* **PROBLEM DETAILS**: Your copy of the entries below should hold exactly the lines from the one containing "KYODO Pack of" to the one containing "Unisex Outdoor Fishing", inclusive, and no pictures.

* **RECORDS**:
_ _ _ _ _
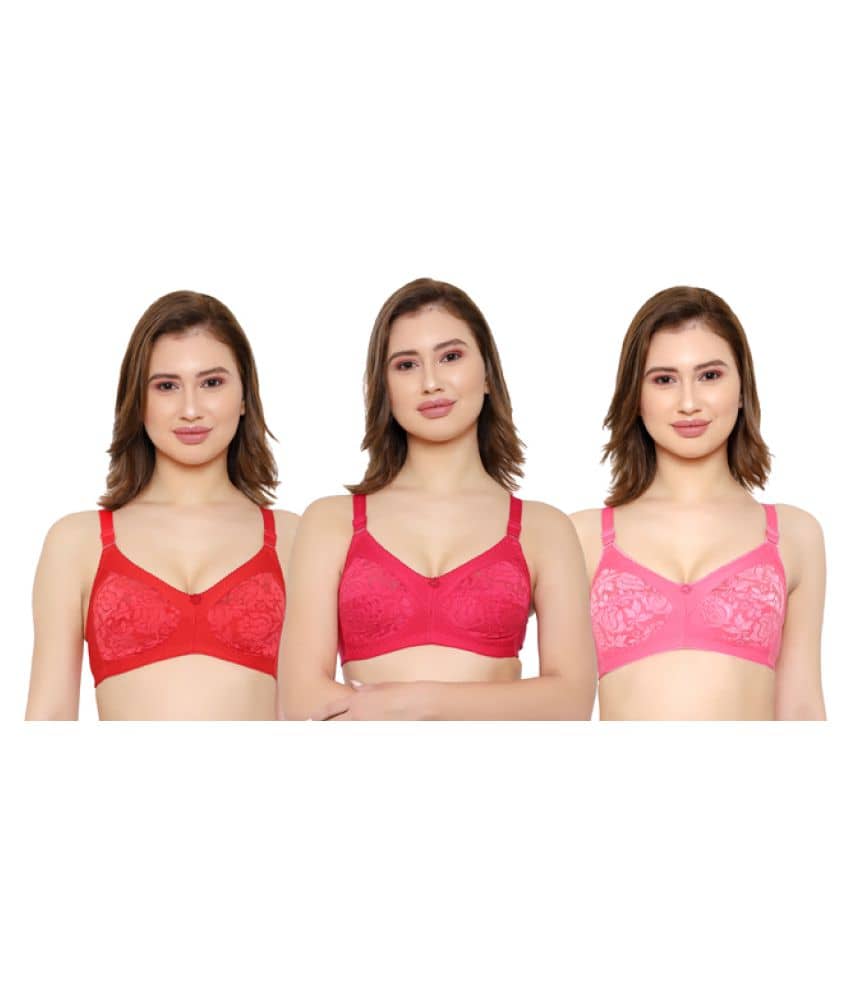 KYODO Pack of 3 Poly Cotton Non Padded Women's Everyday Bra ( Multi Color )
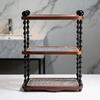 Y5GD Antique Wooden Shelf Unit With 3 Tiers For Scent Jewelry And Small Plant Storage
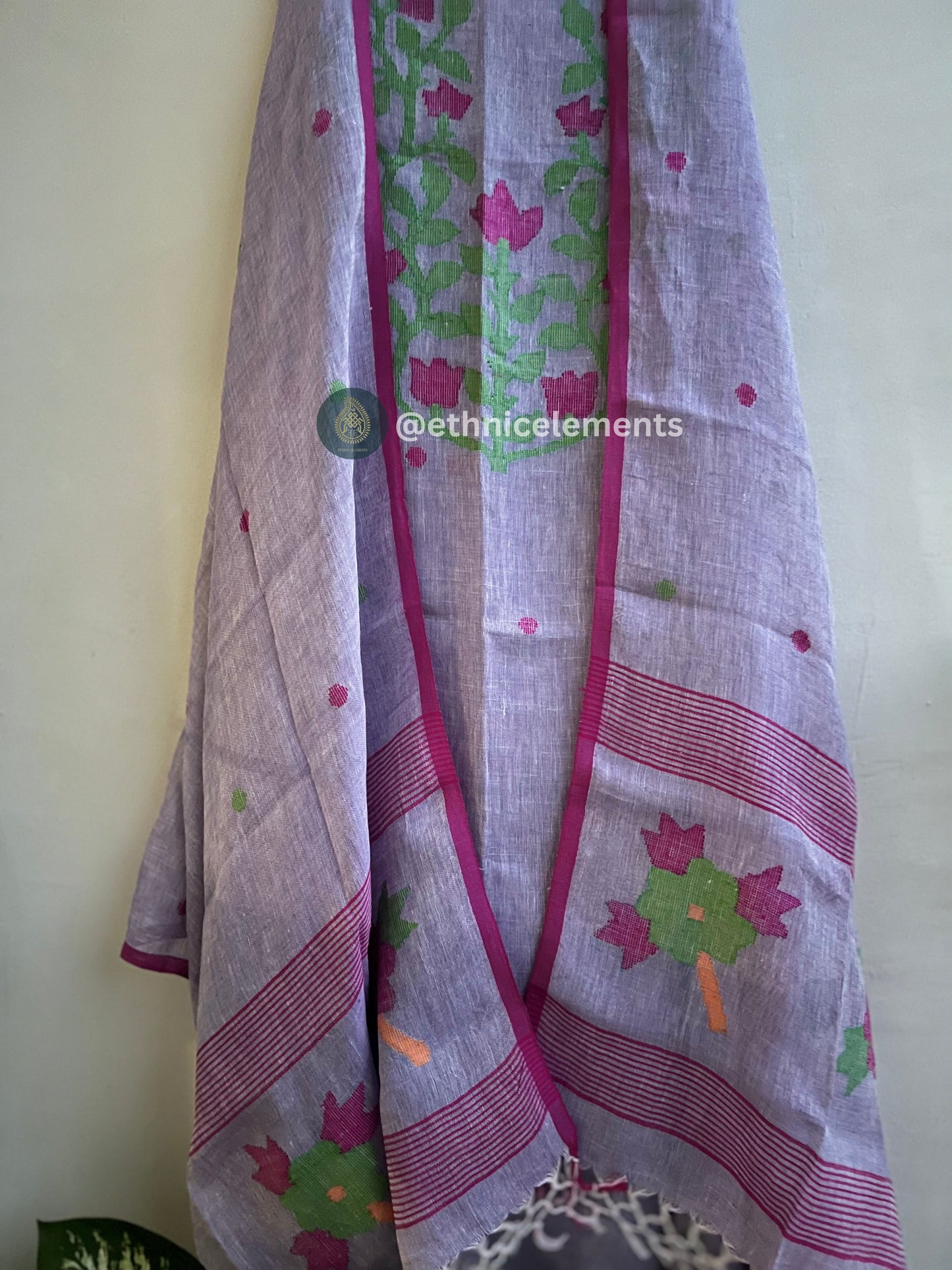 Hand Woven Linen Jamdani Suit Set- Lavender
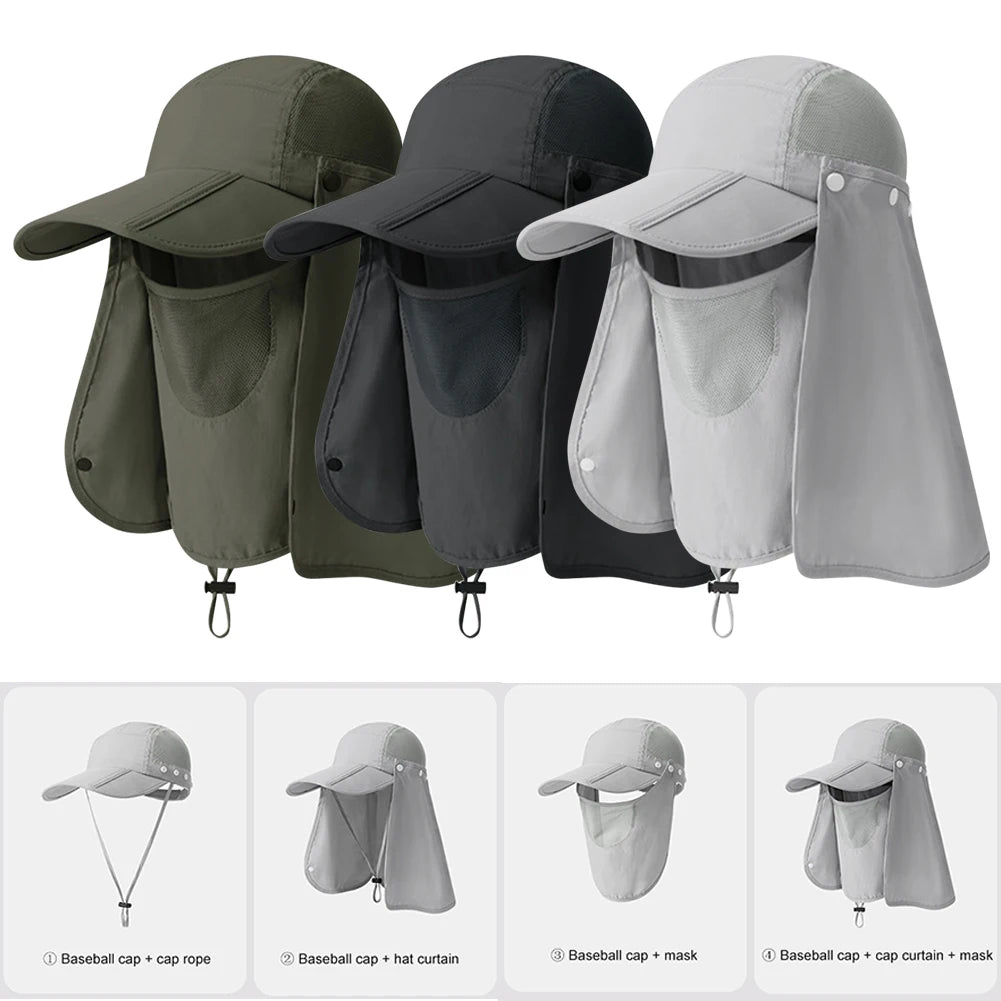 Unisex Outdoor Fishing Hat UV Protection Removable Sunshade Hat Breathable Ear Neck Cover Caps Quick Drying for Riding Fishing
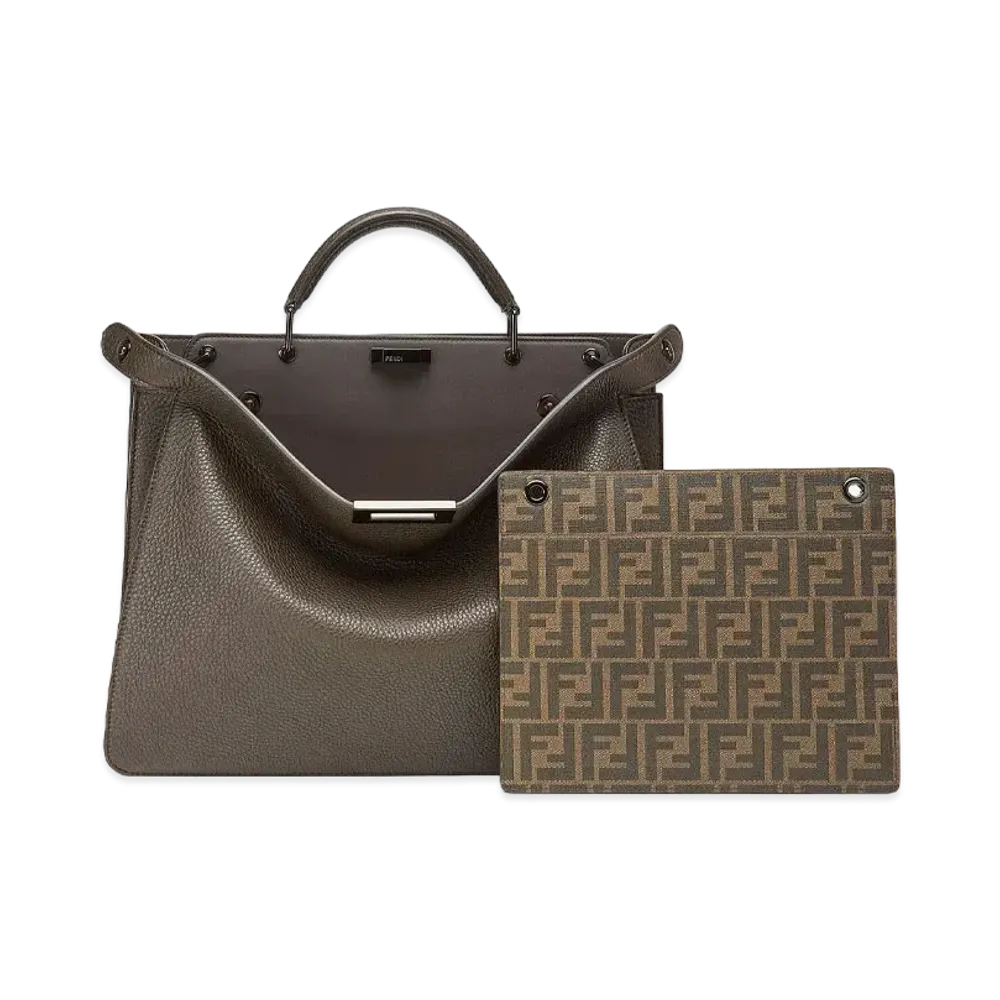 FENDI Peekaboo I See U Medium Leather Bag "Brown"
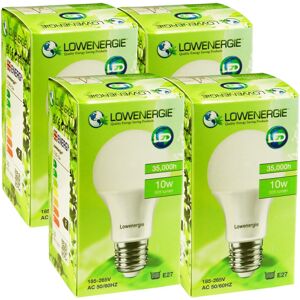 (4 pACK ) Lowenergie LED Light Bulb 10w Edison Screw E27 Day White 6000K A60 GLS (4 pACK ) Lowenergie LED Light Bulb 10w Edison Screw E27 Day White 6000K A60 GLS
_ _ _ _ _
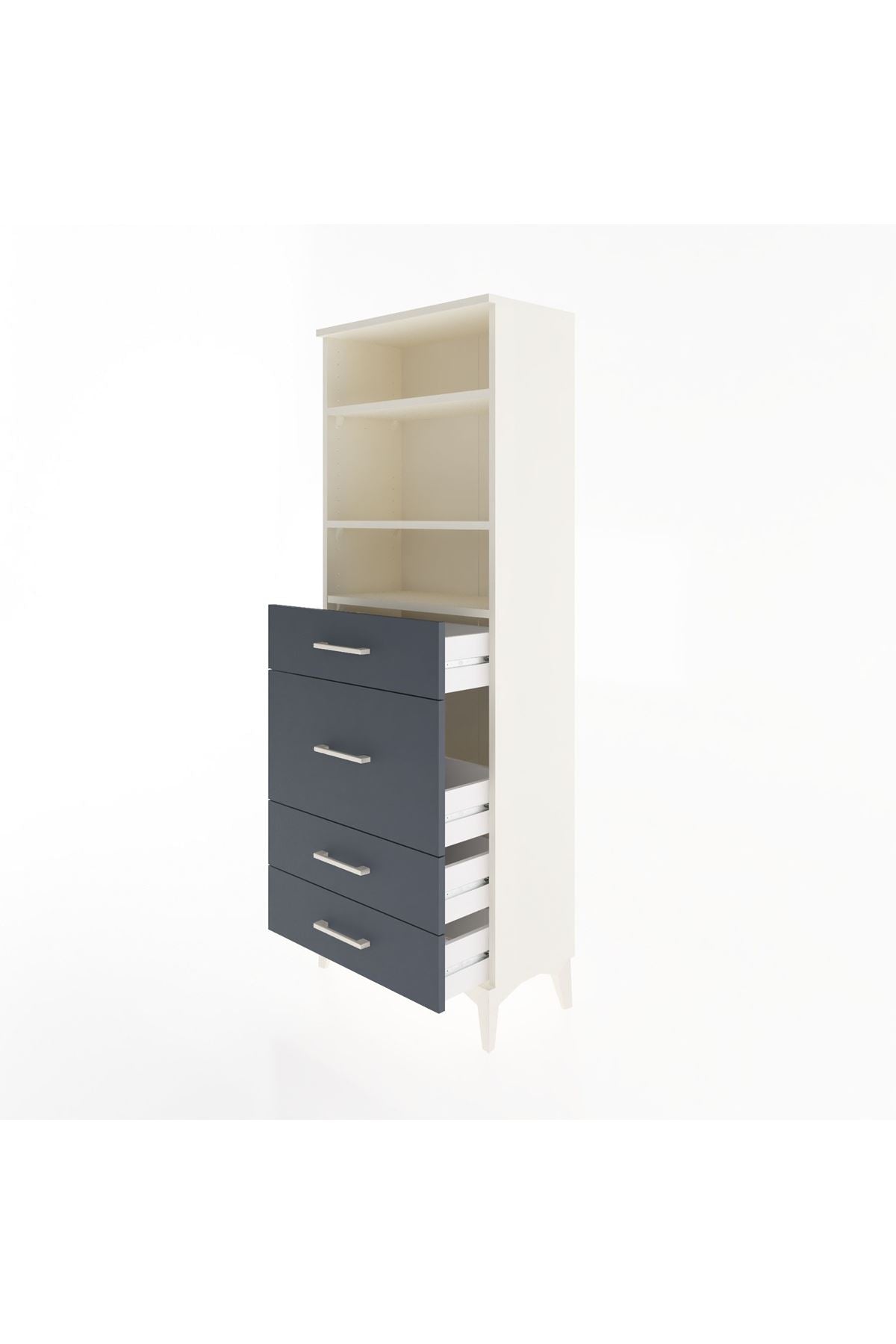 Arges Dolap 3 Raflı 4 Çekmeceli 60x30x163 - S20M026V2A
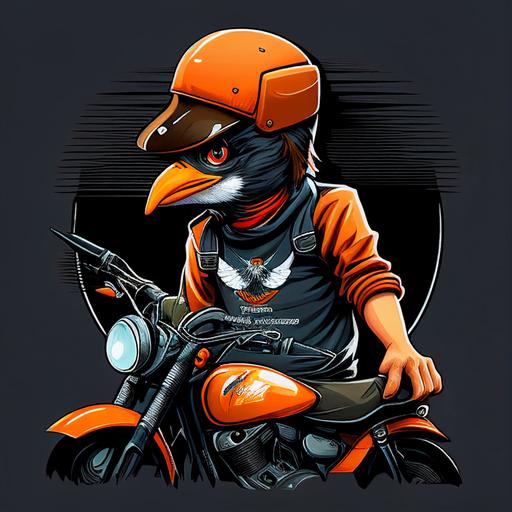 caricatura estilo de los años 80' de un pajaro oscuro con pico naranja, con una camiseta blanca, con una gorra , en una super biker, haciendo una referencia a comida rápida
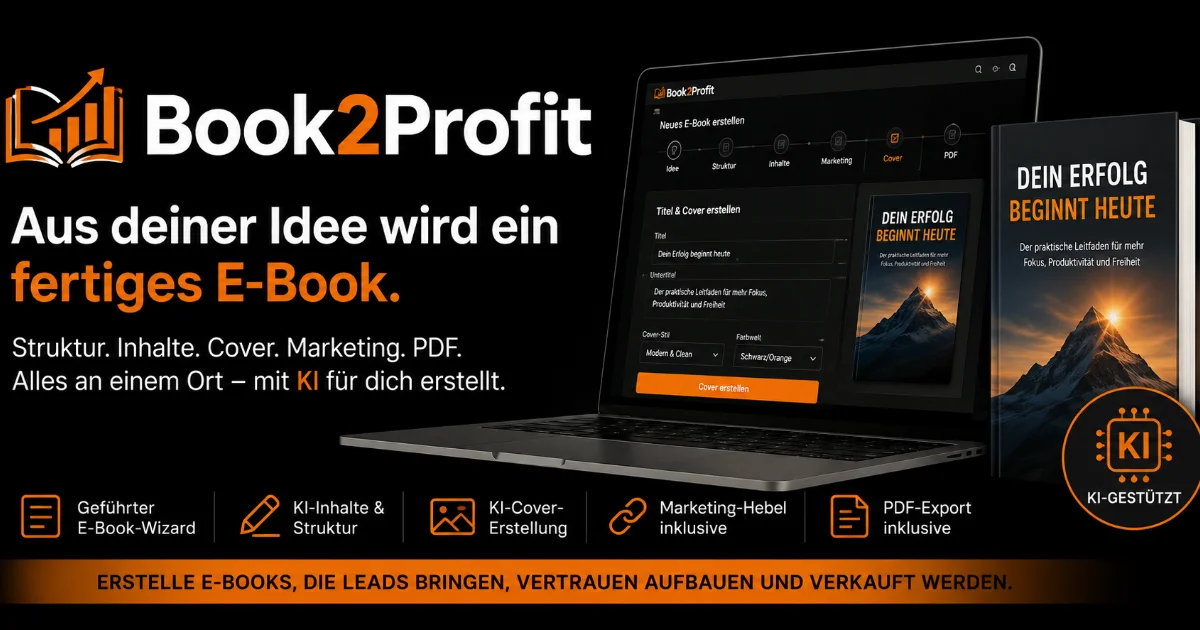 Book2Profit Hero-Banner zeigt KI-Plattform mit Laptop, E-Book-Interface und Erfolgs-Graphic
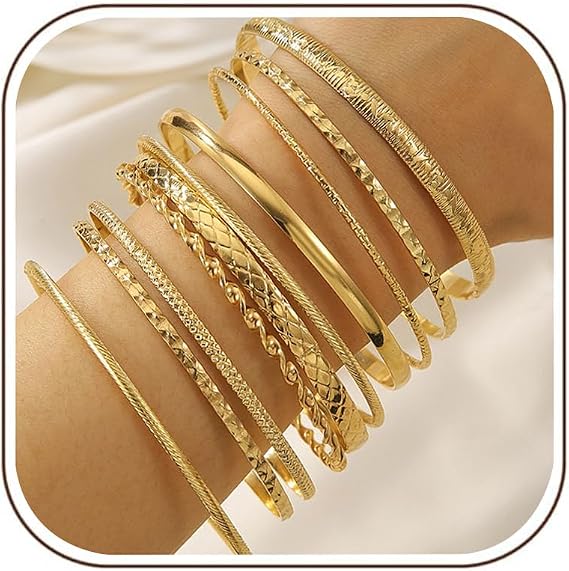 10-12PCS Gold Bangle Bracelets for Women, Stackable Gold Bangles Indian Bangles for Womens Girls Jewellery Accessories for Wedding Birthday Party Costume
_ _ _ _ _
* **EXERCISE OUTPUT**:
 KYODO Pack of 3 Poly Cotton Non Padded Women's Everyday Bra ( Multi Color )
 Y5GD Antique Wooden Shelf Unit With 3 Tiers For Scent Jewelry And Small Plant Storage
 Hand Woven Linen Jamdani Suit Set- Lavender
 Unisex Outdoor Fishing Hat UV Protection Removable Sunshade Hat Breathable Ear Neck Cover Caps Quick Drying for Riding Fishing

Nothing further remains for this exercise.